January 25, 2016

The Science of Farming


I have a soil thermometer that rides around in the cab of my truck. My vegetable books have tables of the minimum soil temperatures required for plants to grow. Right now, the soil is at about 38 degrees F; winter crops will creep along at this temperature (broccoli, peas, turnips, beets, lettuces, bok choy),
but planting summer seeds would not work right now. The magic number for summer crops is 50 degrees F. When the soil temperature creeps into the 50’s  – and we are safe from freezes  – that is spring.

As I get more experience going through the seasons, I have noticed that I look at my job as one big science experiment. I have soil, energy from the sun, water and seeds. This combination, used in the right order with the right timing, sets into action one huge chemical reaction that results in food. The scientist’s job is to attempt to control all of the elements as best as possible, making the chemical reaction predictable and consistent.

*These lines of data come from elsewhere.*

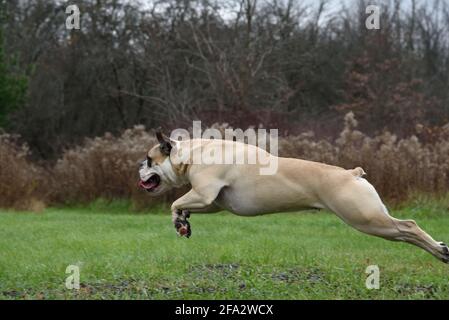 American Bulldog Training im Park Stockfoto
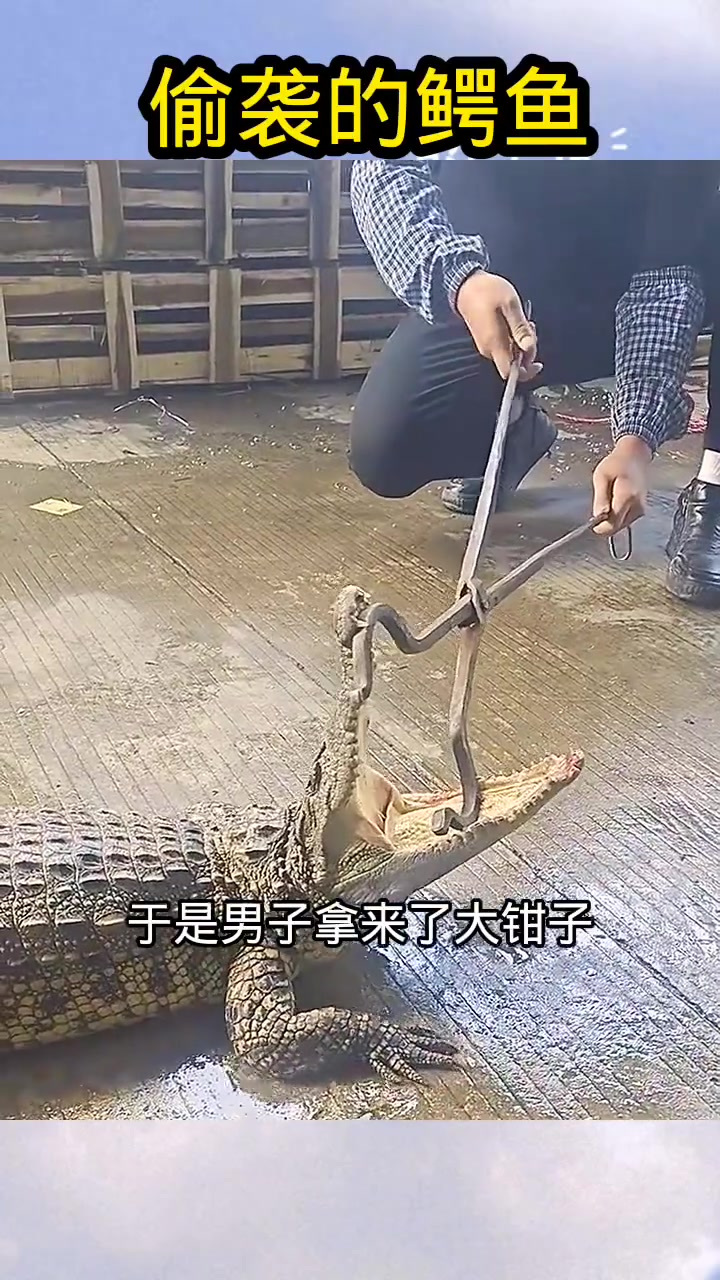 男子用钳子惩罚偷袭的鳄鱼,嘴巴被撑变形让人心寒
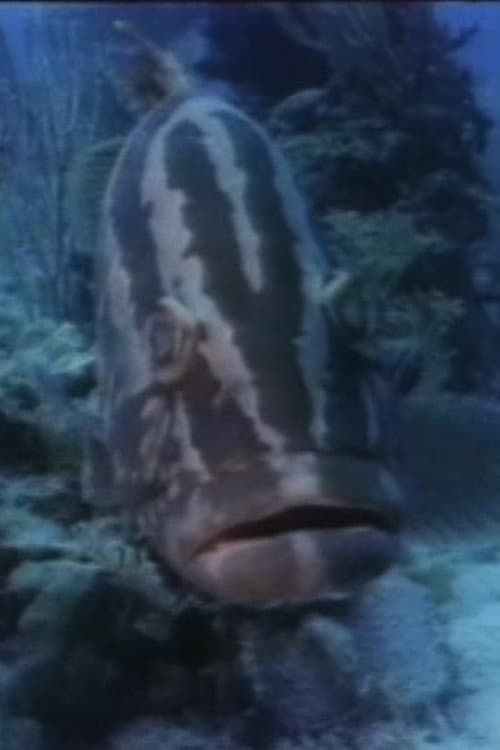 Постер: The Living Sea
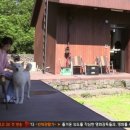 냥냥민박 이미지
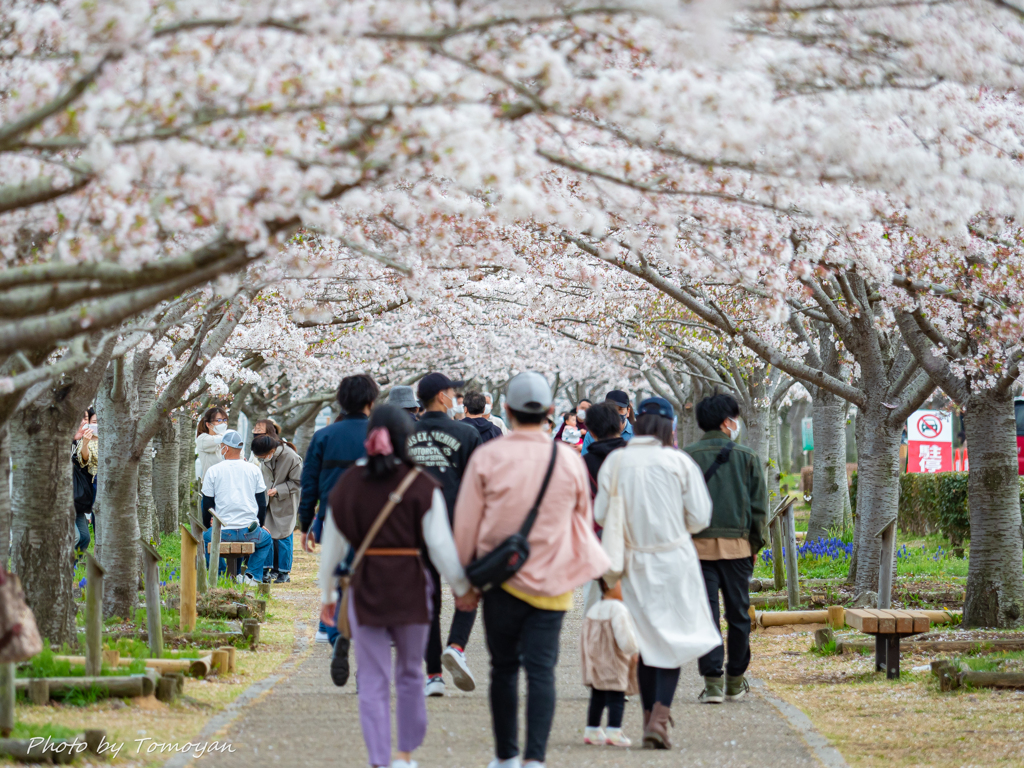 おの桜つづみ回廊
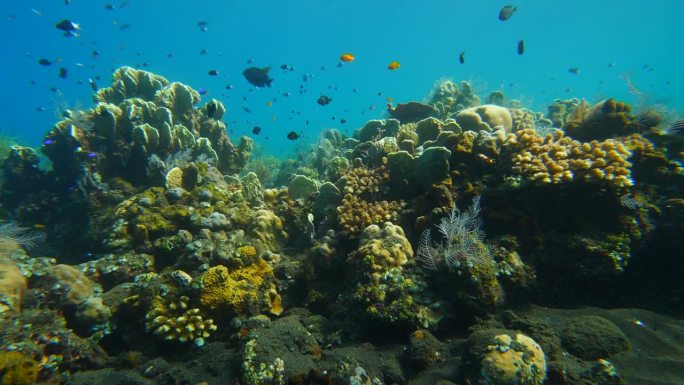 彩色珊瑚的慢动作海底生物海底游鱼海底美景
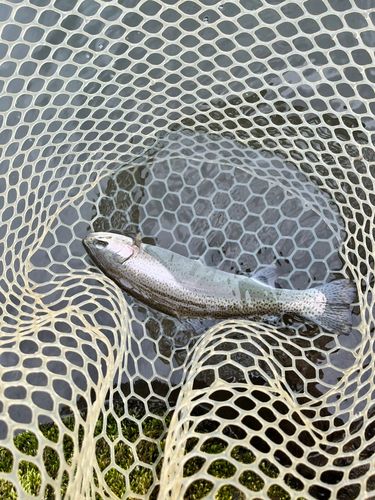 ニジマスの釣果
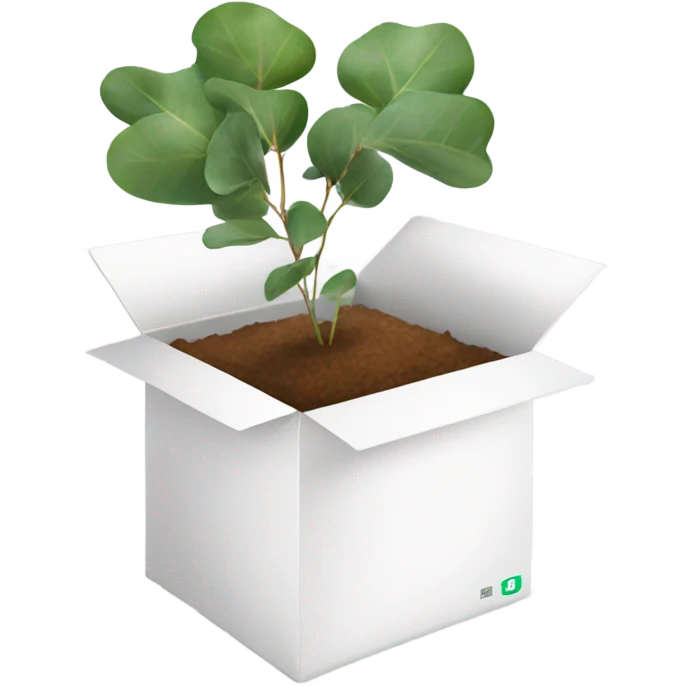 eucalyptus inside white box  emoji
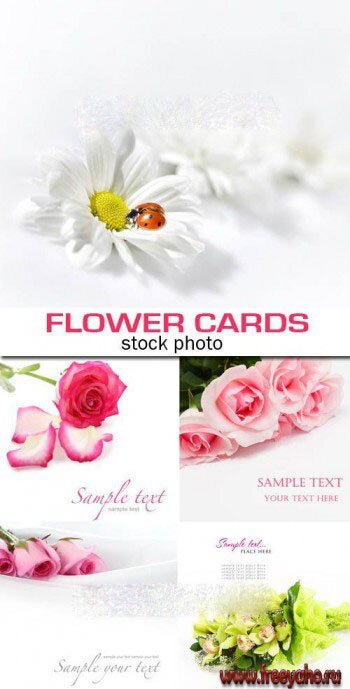   -   | Flower cards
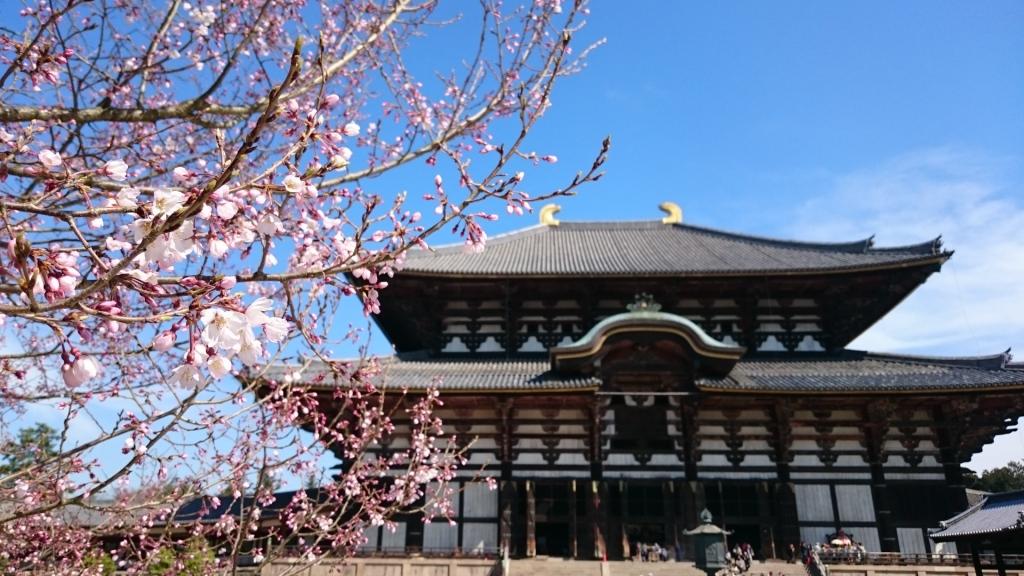 奈良観光ガイドの写真1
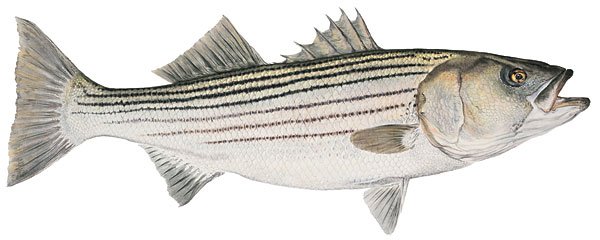 Flick Ford - Mature Striped Bass: Flick Ford - Mature Striped Bass - Hand Signed - Canvas - Edition Image Size: 14"w X 7"h. Limited Edition Of: 75 - If You Want To Find Stripers, Study Tidal Flows, Current And Surf Breaks And Any Plac
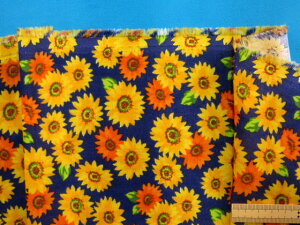 ȃ_uK[[nЂ܂E×CG[i110cm@1mj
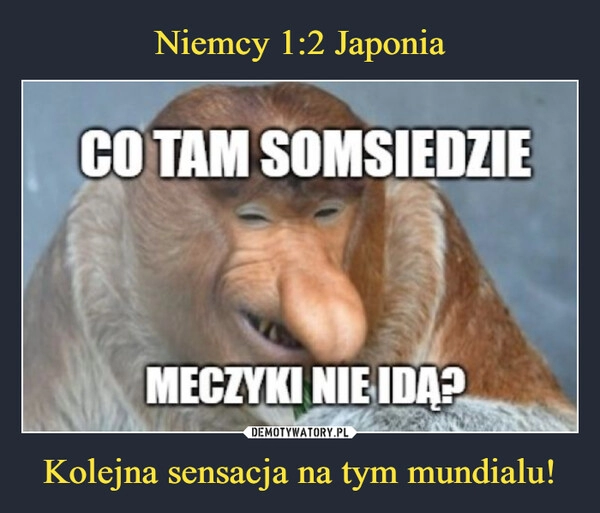 
    
Niemcy 1:2 Japonia Kolejna sensacja na tym mundialu! 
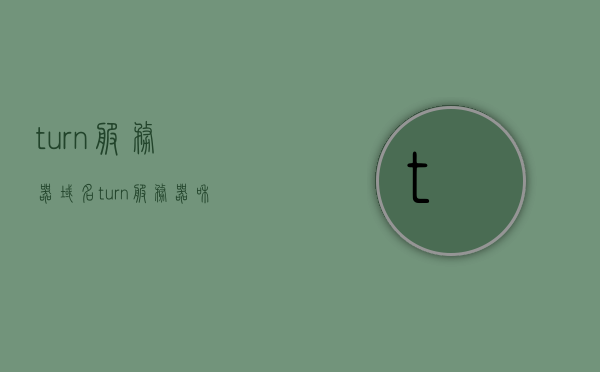 turn服务器域名（turn服务器和stun作用），TURN服务器域名解析，探究TURN服务器与STUN的作用与功能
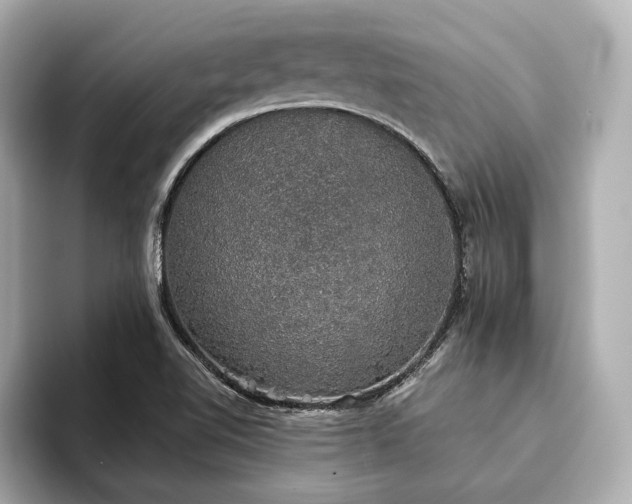 X0000093621510200710151251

This time of year, I have my little seeds in the greenhouse where energy of the sun is captured and directed specifically at my baby plants. If this isn’t enough energy to keep the soil above 50 degrees F, then more energy is added by way of an electric heater. All this is done in an effort to time having plants ready to put into the field when the weather has turned, so that the sun is providing enough energy for plants outside to grow. Timing is everything.

The other part of the equation is trying to avoid having plants in a sensitive period of their lives during the heat of the summer. In Capay, it is expected that there will be a heat wave during the summer that brings the temperature into the teens of the hundreds, and this can last for several days. These are not conditions that plants like. Tomato flowers fall off of the vines without ever setting fruits; peppers are scorched by the sun and shrivel up into brown masses; greens melt and everything on the farm feels miserable. Timing the growth of the tomatoes so that all of the fruit is set before this heat wave is important. It is also important to time the peppers so that their fruit does not grow
vulnerable to the sun until after this hot period.

Of course, it is impossible to accurately time this every year. Farming turns into a game of odds, bets and luck. There are times and methods for doing things throughout the year that maximize the likelihood of success for each crop. There are also hunches and flukes that will allow you to get away with certain things this year, knowing that during other years it would have resulted in disaster. And sometimes, no matter what you do, disaster strikes.

This week, I sit making my plan of attack for the summer and fall to come. It is this time of year that I look back and think about the most methodical ways to approach next year’s production of our 40 plus crops.